Вы почувствовали свою слабость?
Аклин: Мое тело, которое всегда было хорошим компаньоном, даже другом, внезапно покинуло меня. Это меня впечатлило. Затем вам нужно восстановить хорошие отношения с этим компаньоном.
Как вы ждете своего 80-летия, г-н Шавински? Знакомо ли вам то, что описывает г-н Аклин?
Роджер Шавински: Возраст — это расплывчатое понятие. Все стареют, но то, что меняется, варьируется от человека к человеку. Мне удалось сохранить большую часть своих прежних способностей в определенной степени. Я был шокирован, когда услышал, что кардиналам старше 80 лет больше не разрешается голосовать за папу, потому что они, по-видимому, больше не способны принимать решения. Существует внешний предел того, когда кого-то можно считать старым. Я отвергаю этот подход. Наше поколение уже сделало все иначе, чем предыдущее. Так что, вероятно, так будет и в следующем десятилетии.
Какая разница, доживете ли вы до 60 или до 80 лет?
Аклин: В 60 лет я сказал, что услышал гонг старости.
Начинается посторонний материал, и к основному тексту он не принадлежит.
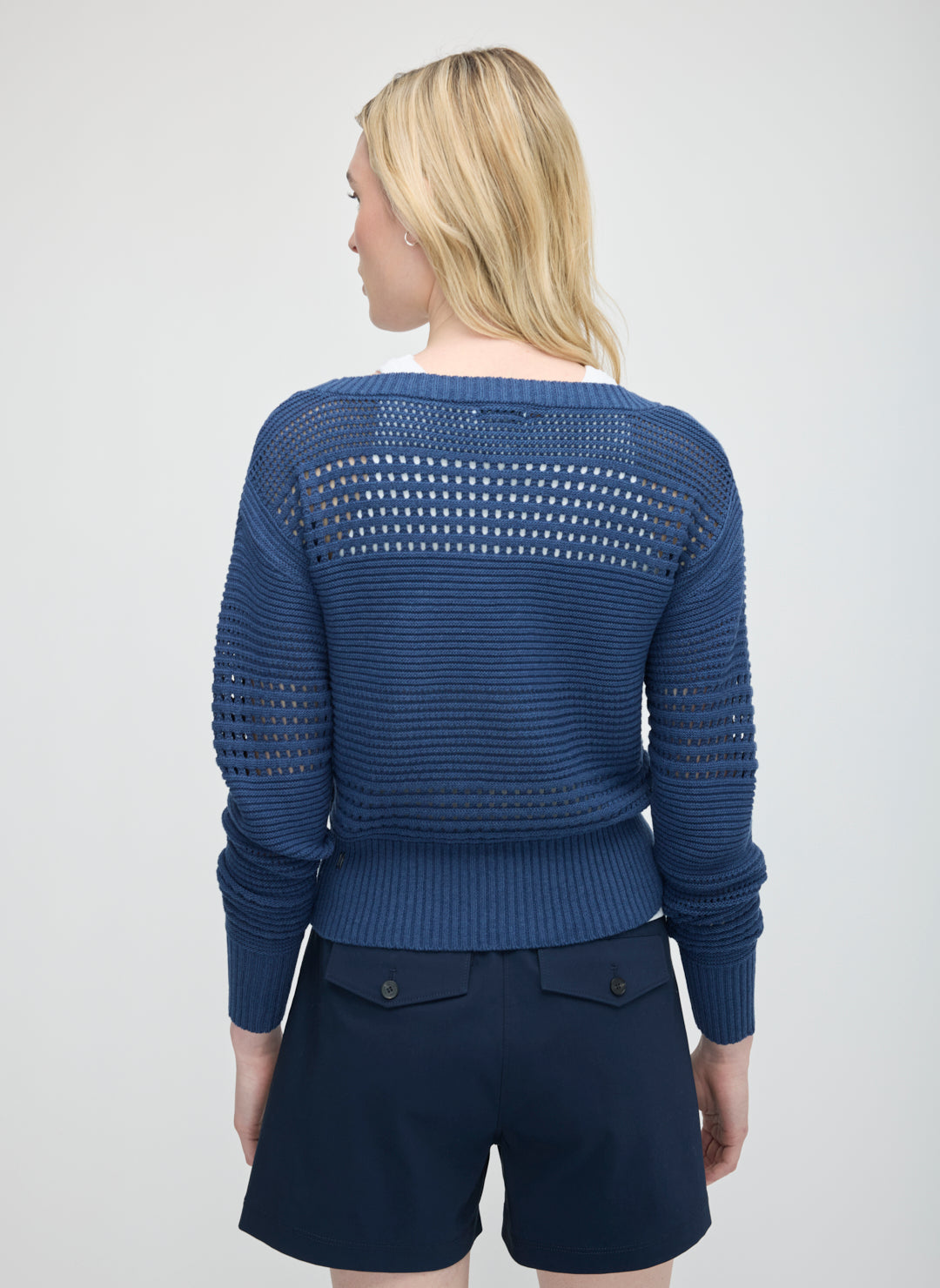 SilkStitch Easy Care Boatneck Sweater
Теперь это уже не гонг; теперь я в гуще событий. У меня есть фундаментальный оптимизм, большая вера в жизнь. Теперь это проверяется. Ваша вера проверяется, и вы должны быть осторожны, чтобы не сдаться. Многие люди нашего возраста сдаются, становятся озлобленными и воспринимают жизнь как бремя. Вас внезапно начинают воспринимать как старого. Вот в чем проблема: даже если вы чувствуете себя в форме и полны сил, вы больше не выглядите так для других.
Шавински: Мы, 1945-е, являемся самой первой возрастной группой поколения, позже названного бэби-бумерами. Мы создали свой собственный мир. Находясь на виду у публики много лет, я всегда чувствовал определенную ответственность служить образцом для подражания для своего поколения, оставаясь в форме — умственной, физической, эмоциональной и социальной — даже в старости. Надеюсь, это вдохновит других людей, которым, возможно, не так повезло с генами или жизненными обстоятельствами. Вы не можете просто запереть нас в шкафу, как старых белых мужчин, как это пыталось сделать это совершенно проклятое движение за идентичность.
Этот ярлык, кажется, беспокоит вас; это не первый раз, когда вы расстроены из-за него. Не потерял ли этот ярлык часть своей силы?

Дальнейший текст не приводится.